Ready for War with Iran?

W.J. Astore

General Joseph Votel, U.S. Centcom commander, testified to the House Armed Services Committee this week that the greatest destabilizing force in the Middle East is Iran, and that the U.S. must be prepared to use “military means” to confront and defeat the Iranian threat to the region.

No doubt Iran is a pest to U.S. designs in the Middle East.  No doubt Iran has its own agenda. No doubt Iran is no friend to Israel.  But the greatest destabilizing force in the Greater Middle East?  That’s the USA.  We’re the ones who toppled Iraq in 2003, along with the legitimate government of Iran 50 years earlier.

Iran/Persia has lived in, and sometimes dominated, the Greater Middle East for 2500 years.  By comparison, the USA is a newcomer on the block. Yet it’s the Iranians who are the destabilizers, the ones operating in a nefarious “grey zone” between peace and war, at least according to U.S. generals.

According to General Mattis, the Iranians are the greatest threat to stability and peace in the Middle East.  The U.S., with its massive military and extensive weapons sales, only safeguards peace and stability. 

Besides the disastrous U.S. invasion of Iraq in 2003, which accidentally helped Iran, the U.S. continues to sell massive amounts of weaponry to Iran’s rivals, most especially Saudi Arabia. U.S. military operations in Yemen, Syria, Iraq, and elsewhere in the Middle East have both destabilized the region and created marketplaces for U.S. weaponry and opportunities for economic exploitation by multinational corporations.

I’m no fan of Iran and its leaders, but can one blame them for resisting U.S. military and economic incursions into their sphere of influence? Recall how we reacted when the Russians put missiles into Cuba. Look at all the hostile rhetoric directed today against Mexico and its allegedly unfair trade practices vis-a-vis the U.S.

Let’s not forget that for 25 years (1953-78), the Shah of Iran was an American ally.  The U.S. military loved to sell him our most advanced weaponry, which at that time included F-14 Tomcat fighters and HAWK missile systems. That cozy relationship died with the Iranian Revolution (1979); ally turned to enemy as the U.S. supported Saddam Hussein and Iraq during the bloody Iran-Iraq War of the 1980s.

Yet, despite all this history, despite all the U.S. meddling, all the weapons sales, all the invasions and sanctions, somehow it’s the Iranians who are the destabilizing force, the ones deserving of more “disruptive” U.S. military action.
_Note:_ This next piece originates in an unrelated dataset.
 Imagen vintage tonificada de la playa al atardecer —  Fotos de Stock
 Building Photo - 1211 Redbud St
As America’s designs are frustrated in the Middle East, American generals never look in the mirror to see their own faults and failings. Instead, they cast about for new countries to blame — and to attack. Iran is seemingly next on the list, a country that General Mattis, America’s Secretary of Defense, said is “the single most enduring threat to stability and peace in the Middle East.”

Anyone for war with Iran?  U.S. generals are ready.
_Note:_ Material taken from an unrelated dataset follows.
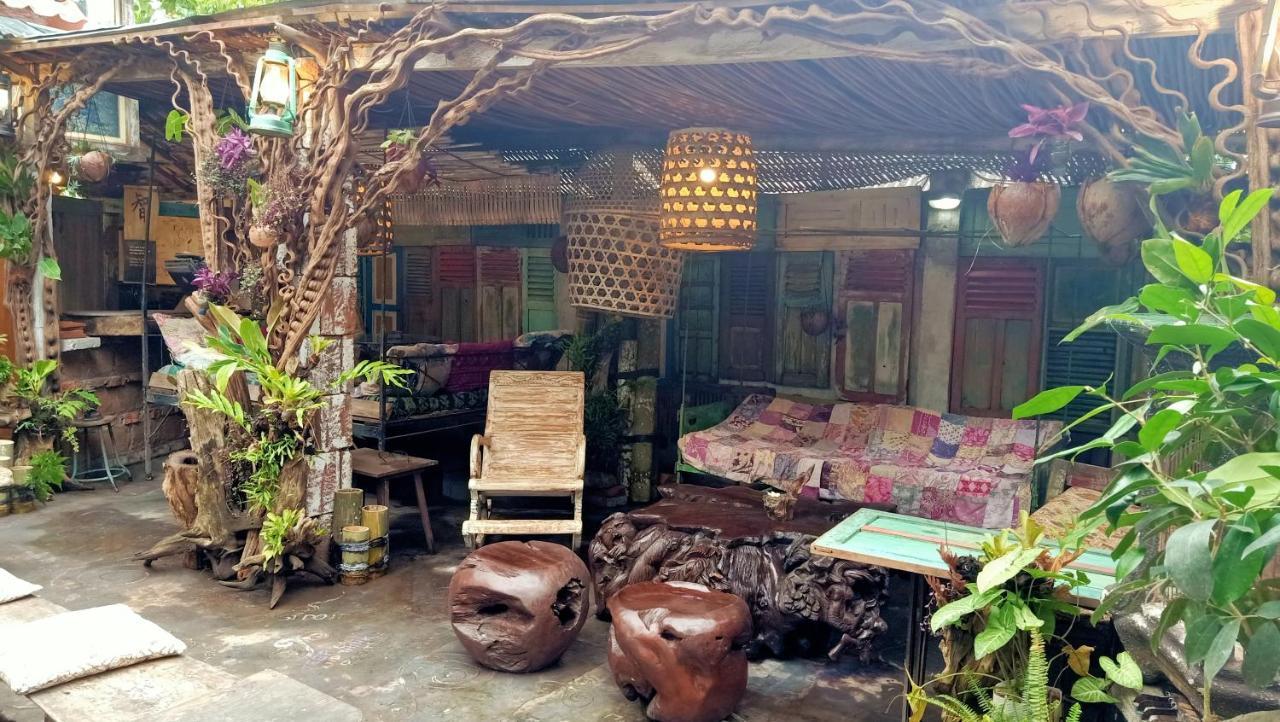 Santhiku Hotel & Spa 罗威那 外观 照片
6 thoughts on “Ready for War with Iran?

  1. An excellent short summary to put everything in context. Nevertheless, you leave out 1 important component: Israel. That country does not stop piling on the rubbish (I am being polite here) at every occasion, incl. at the UN, and smear Iran as if it were the devil incarnate.

    As with all the evidence & the UN report that Israel is an apartheid state, even involved in incremental genocide, the country has not been able to refute anything with facts. Instead, the only tactics it uses is emotional blackmail directly & through its lapdog the US.
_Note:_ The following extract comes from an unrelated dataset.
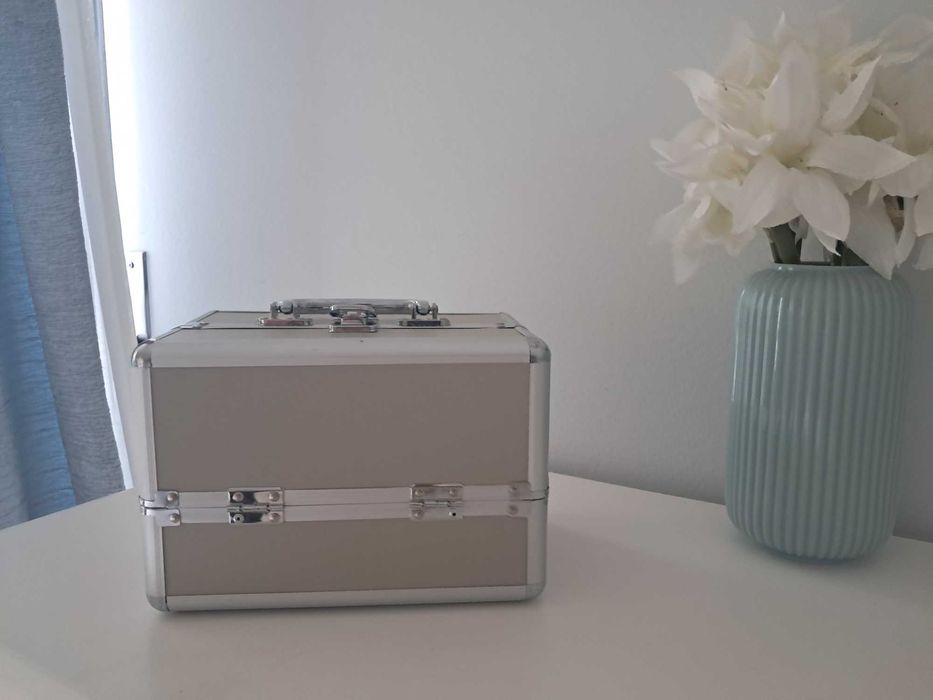 Maleta / Necessaire, 17cm x 17 cm x 25 cm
    I would posit that Israel too is a destabilising force in the Middle East with its nuclear arsenal, its regular attacks against the Gaza strip, Lebanon & Syria, as well as its war rhetoric about Iran, which includes implicit threats of a “preventive” strike against Iran.

    Liked by 3 people

  2. “U.S. generals are ready.”

    Did I just read that? Somebody tell me that I didn’t just read that.

    The last I heard, U.S. generals have started demanding thousands of additional U.S. ground forces for Iraq, Afghanistan, Yemen, Syria, and Libya because, obviously, they hadn’t adequately prepared for these conflicts in the first place and haven’t the first clue about how to effectively fight and end them. U.S. generals never know military stuff like that.

    So, come again about that “ready” business?


    1. Oh. Wait a minute. I get it now. The phrase “ready for” — as used in association with U.S. generals — doesn’t mean “prepared.” Rather, it means “anticipating,” or “looking forward to,” career goodies like medals, promotions, lavish perks, and plush retirements. No U.S. general ever gets demoted and fired for failure. Sorry for getting the semantics screwed up. I should have known better.


  3. I think it is a certainty that we are going to war with Iran. Well that means we are going to bomb the hell out of it and I don’t doubt that nukes will be used. We hate Iran. Israel hates Iran. The Gulf kingdom’s hate Iran and all Salafi jihadi’s hate Iran.

    If Iran is destroyed as a modern nation then China’s New Silk Road will reach a dead end. This ultimately is why I think Iran is going down. China’s global ambitions based upon Eurasian economic integration can be stopped in Iran. Stop those Chinese ambitions and Russia will have to turn back to the West.

    That’s my story and I am sticking to it.


  4. Iran has been prepping for a defensive war since about as long as I am alive.
    After what happened to them in both world wars (getting occupied by Russia/USSR/UK despite being neutral) they are very big on defense. They are also patriotic, in case of a war Irans people will rally around the flag, there will be nearly zero dissenters the US could make use of.
    Russia will provide considerable assistance to Iran, as will China. US invading Iran is a clear indicator that the US is willing to maintain hegemony by using completely illegal military force, as such, bleeding the USA white in Iran while the Persian do the dieing is in Russias and Chinas best interest.

    Things may well end up like the in disastrous Israeli attack on Hezbollah in 2006, with Iran being Hezbollah and the US being Israel. Correlation of forces arguably is better for Iran vis a vis the USA then it was for Hezbollah (especially since only a single brigade actually fought in this war, Hezbollah did not commit its reserve) vis a vis Israel.